Indeed, it was not Morsi who put sharia in Egypt’s constitution. As I recount in Spring Fever: The Illusion of Islamic Democracy, the provision that “Islam is the Religion of the State” has been in the constitution since the founding of the modern Egyptian state in the middle of the 20th century. The constitution’s declaration that “the principal source of legislation is Islamic jurisprudence” — effectively imposing sharia and fiqh, the jurisprudence of sharia — was added in the seventies. It was a key part of President Anwar Sadat’s program to reintegrate Islamic supremacists, who had been brutally repressed after attempting to kill Sadat’s predecessor, Gamal Abdel Nasser. (Islamic supremacists being Islamic supremacists, they showed their gratitude by eventually murdering Sadat).
In 2011, soon after Mubarak fell, Egyptians conducted their first free election — a referendum on some constitutional amendments. If approved as the Brotherhood and the Salafists urged that they be, the amendments would allow free elections to go forward. The amendments preserved the old Sadat/Mubarak constitution’s sharia provisions. Democracy activists opposed the amendments: They wanted to write a new, more secular constitution from scratch. Furthermore, knowing they were a minority — despite the bravado of their rhetoric and the West’s wild inflation of their influence — they also wanted to avoid elections until they were in a stronger position to compete with the Islamic supremacists.
So there it was, all teed up: a test of strength in Egyptian society between Islamic supremacists and democratic reformers. In the referendum, barely covered in the West, the Islamic supremacists won by a whopping 78-to-22 percent. Subsequently, Islamic supremacists routed the democrats in the parliamentary elections by roughly the same margin. Later, Morsi was elected president.
Mind you, I am not suggesting that Morsi had nothing to do with the even more sharia-intensive constitution adopted during his aborted presidency. It would certainly be fair for Taheri to say that, with Morsi’s ardent support, the committee charged with writing a new constitution undertook to magnify its sharia-enforcement provisions. It would also be accurate to contend, as I contended at the time, that Morsi employed drastic, authoritarian measures to freeze out the courts that secular democrats were counting on to derail that committee’s work. It is simply wrong, however, to speak of a “Morsi constitution” as if he forced it on the country. Morsi submitted the sharia-enhanced constitution to a popular vote, and Egyptians overwhelmingly approved it.
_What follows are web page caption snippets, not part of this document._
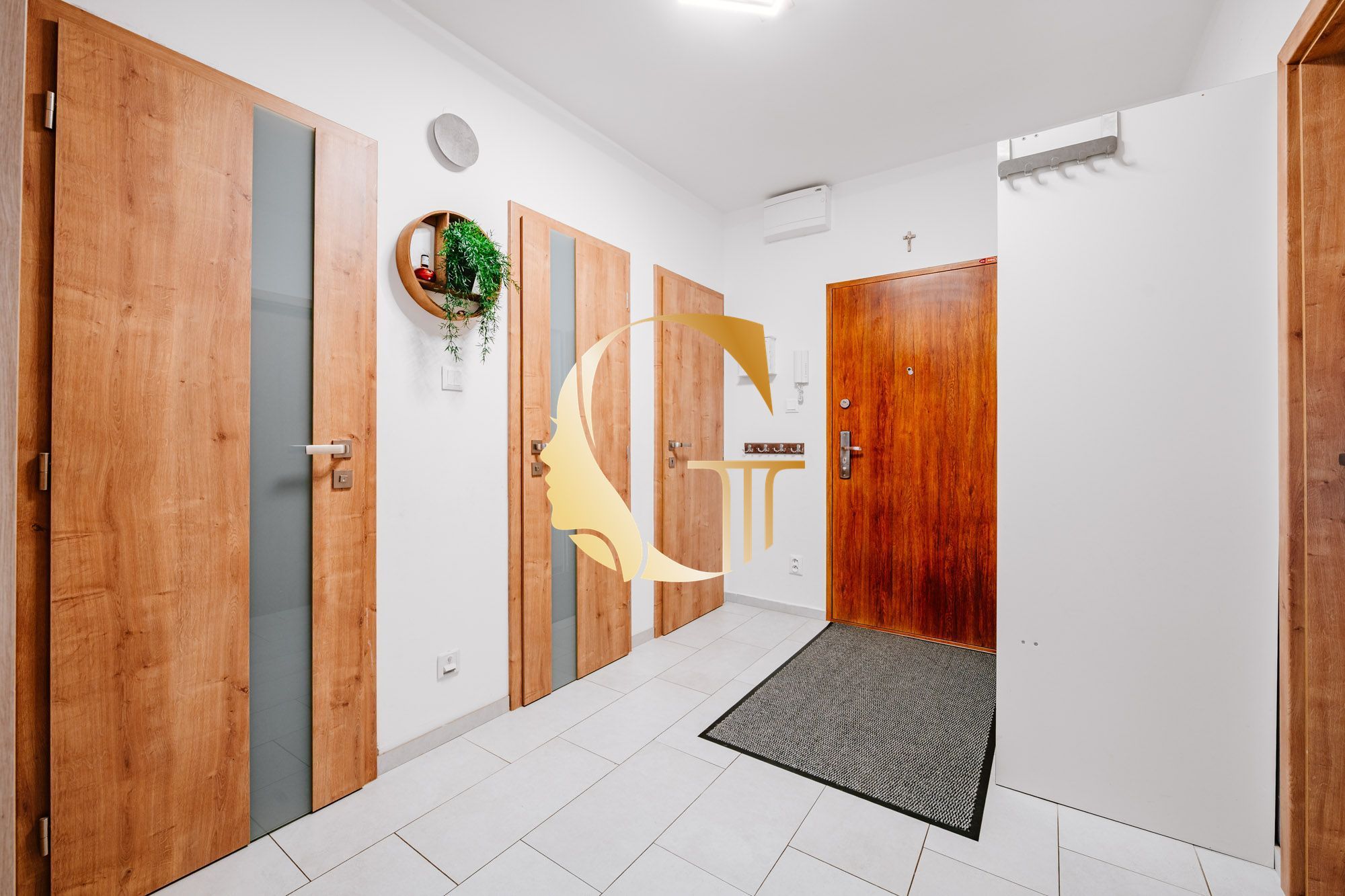 GODDESS PROPERTY – exkluzívne – PREDAJ 4 izbový byt 79 m2 – LOGGIA – atypický, moderný, zariadený – Hronská ulica – PODUNAJSKÉ BISKUPICE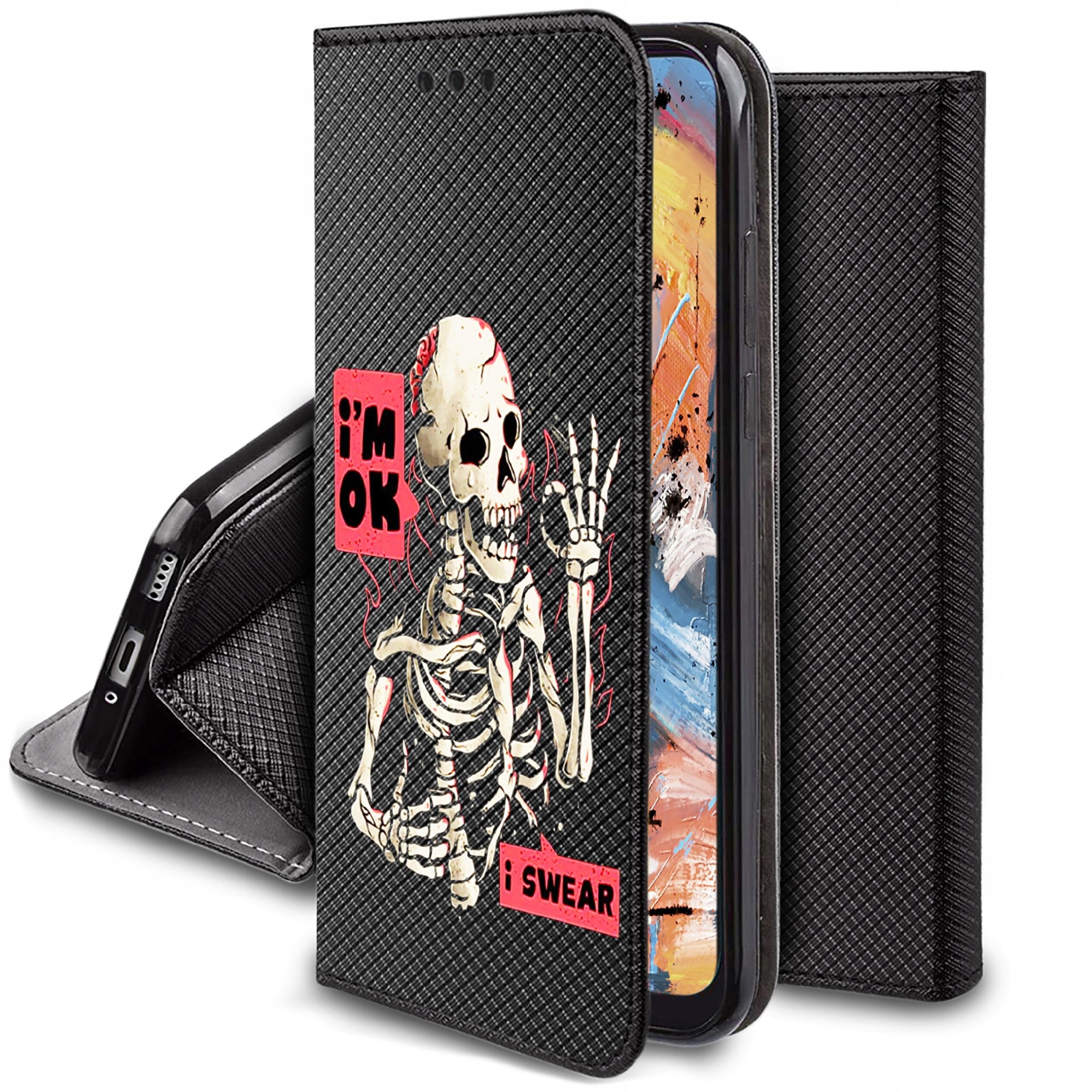 Etui na telefon z czarnym wzorem i grafiką szkieletu oraz napisami \'i\'m OK\' i \'i SWEAR\'. W tle widoczny jest kolorowy ekran telefonu.
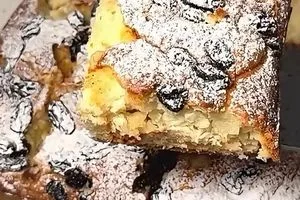 image Ніжний ванільний бісквіт із сирними «кишеньками»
The retention of sharia in the constitution cannot, as Taheri claims, be a much of a disappointment to Egypt’s democrats. They do not like it, of course, but it has been in the constitution for decades and it has very strong public support. Egyptians, though not monolithic, largely see themselves as sharia-adherent Muslims, not Western democrats. If something approximating Western democracy is ever to take root and thrive in Egypt, it will have to happen gradually and under benevolent military rule.
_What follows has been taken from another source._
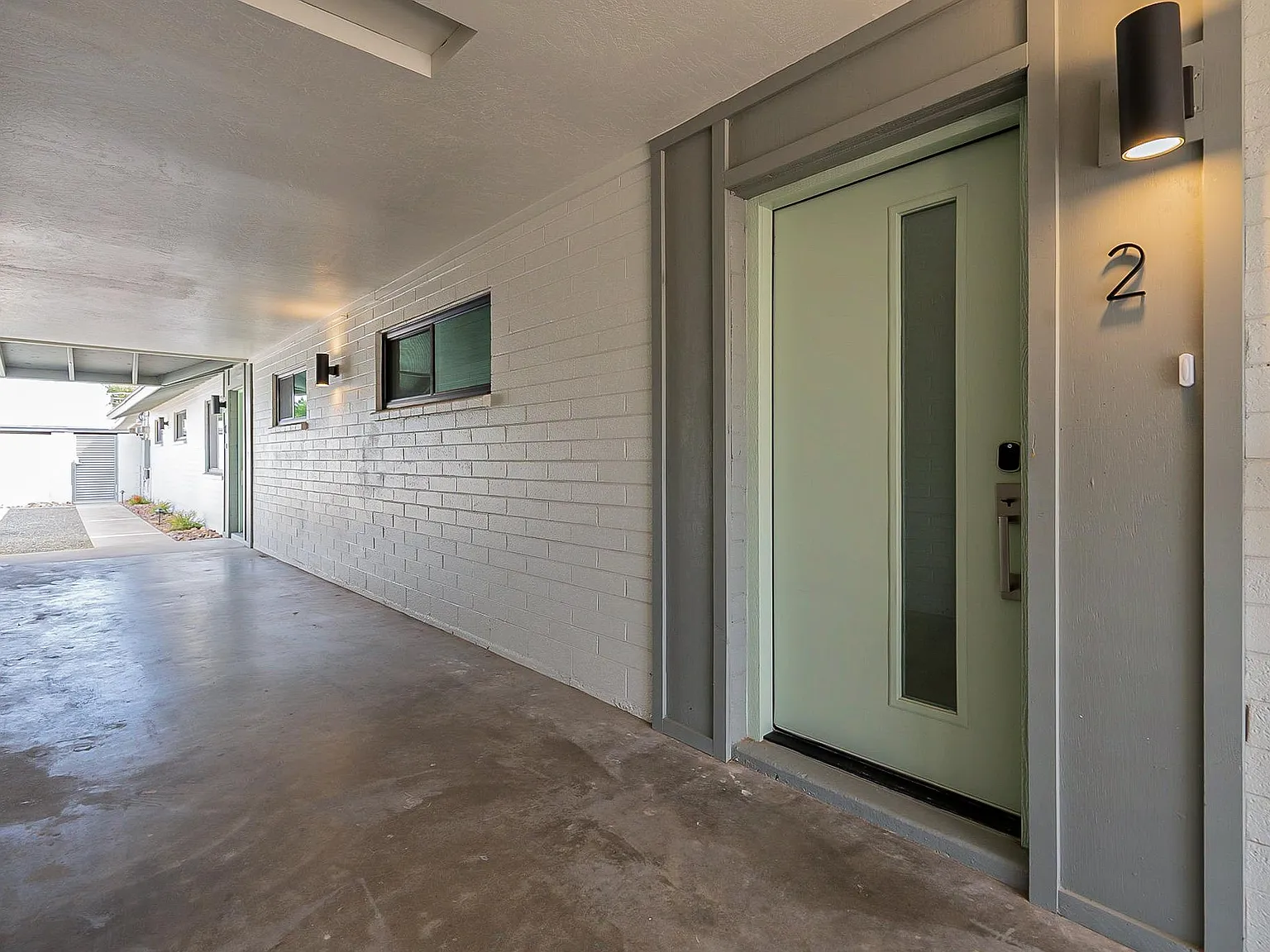 2 bed, 933 sqft, $1,999 — Photo 3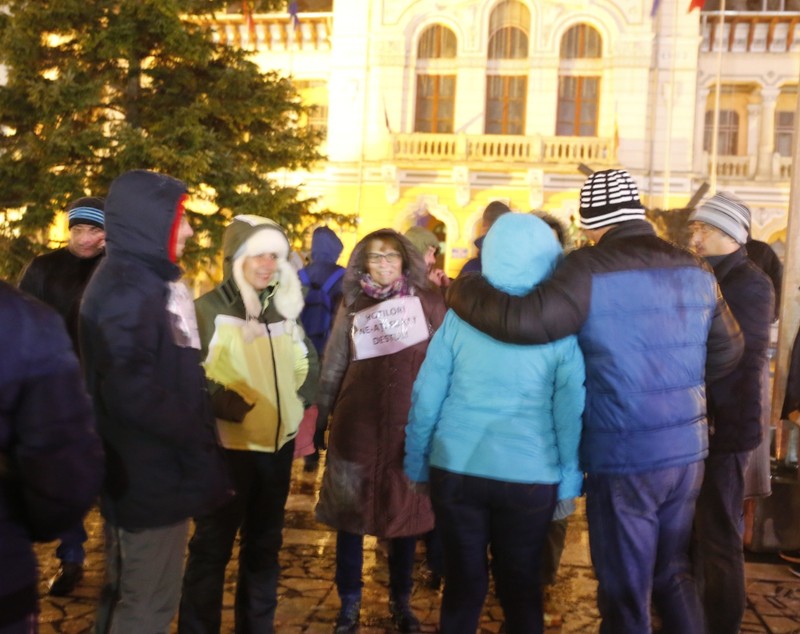 Proteste și în restul țării. Mii de oameni au ieșit în stradă să își strige nemulțumirile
This is not to say the military is uniformly benevolent and pro-democracy. After all, it was Morsi who chose Egypt’s leading general, Abdel Fattah el-Sisi, to command the armed forces, and he did so because of Sisi’s well-deserved reputation for harboring Brotherhood sympathies. But because democrats are so outnumbered, their only hope is a military that stabilizes the country (which would revolt if sharia were stripped from the constitution) and keeps the Islamic supremacists in check. We must not let our hopes cloud our judgment. Democratization in Egypt is a very uphill proposition.